# Blips - Pixelation & Audio Dropouts only on recordings



## BamaMarv (Aug 21, 2013)

I've noticed that everything my 18 mo old Tivo 3TB Bolt has recorded the last 2 days has constant pixelation & audio dropouts about every 2 seconds. Programs are unwatchable. But it doesn't do it on live TV. In fact, I went to a program in progress and watched it for a few minutes with no blips, and then I pressed record so it would pickup up the last 5 minutes, then simply went back 5 minutes to where I started to record and I've got the same blips. I even tried going to the menu and have play it again from the beginning and it still does it, but as soon as I go live, it stops, even while recording.

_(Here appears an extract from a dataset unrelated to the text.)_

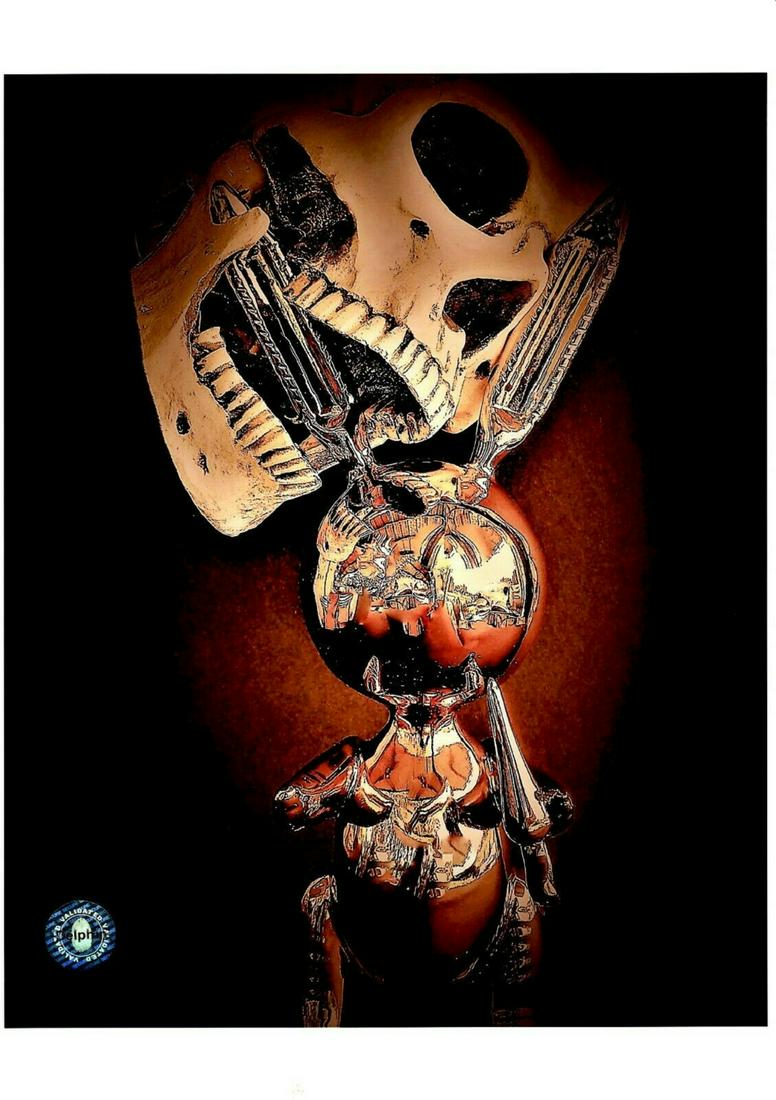 Jeff KOONS-Photo Numbered ,Artist DELPHIN: Photo work by the French Artist "Delphin" made from a montage of original sculptures.Tribute to Jeff KOONS collection.Rabbit title.Hand signed and numbered by the Artist.Limited edition .Numbered 8/10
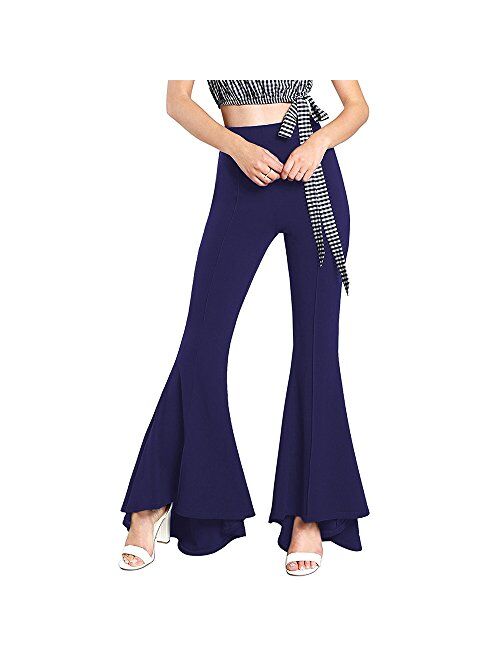 GUOLEZEEV Womens High Waisted Ruffle Flare Fit Pants Solid Color Wide Leg Trousers with Back Zipper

Is this a hard drive problem or some other error? I tried rebooting and it does not help. Is there any warranty against this sort of thing? And what can I do to save the good programs I've recorded if the HD is going bad?


----------



## G0RD057 (Dec 4, 2016)

I'm having the same issue recently with my Bolt VOX w/original 500gb drive.
I'm also wondering if this is due to the drive going bad, and if it is, I would like to know the correct procedure for cloning my old drive and migrating data to a new Toshiba MQ03ABB200 2TB drive.


----------



## BamaMarv (Aug 21, 2013)

My problem went away after about 3 days for no reason that I know of. No problems since.


----------



## Willy92 (Oct 12, 2018)

When mine started doing that, a failed hard drive was right behind it, about 3 months.


----------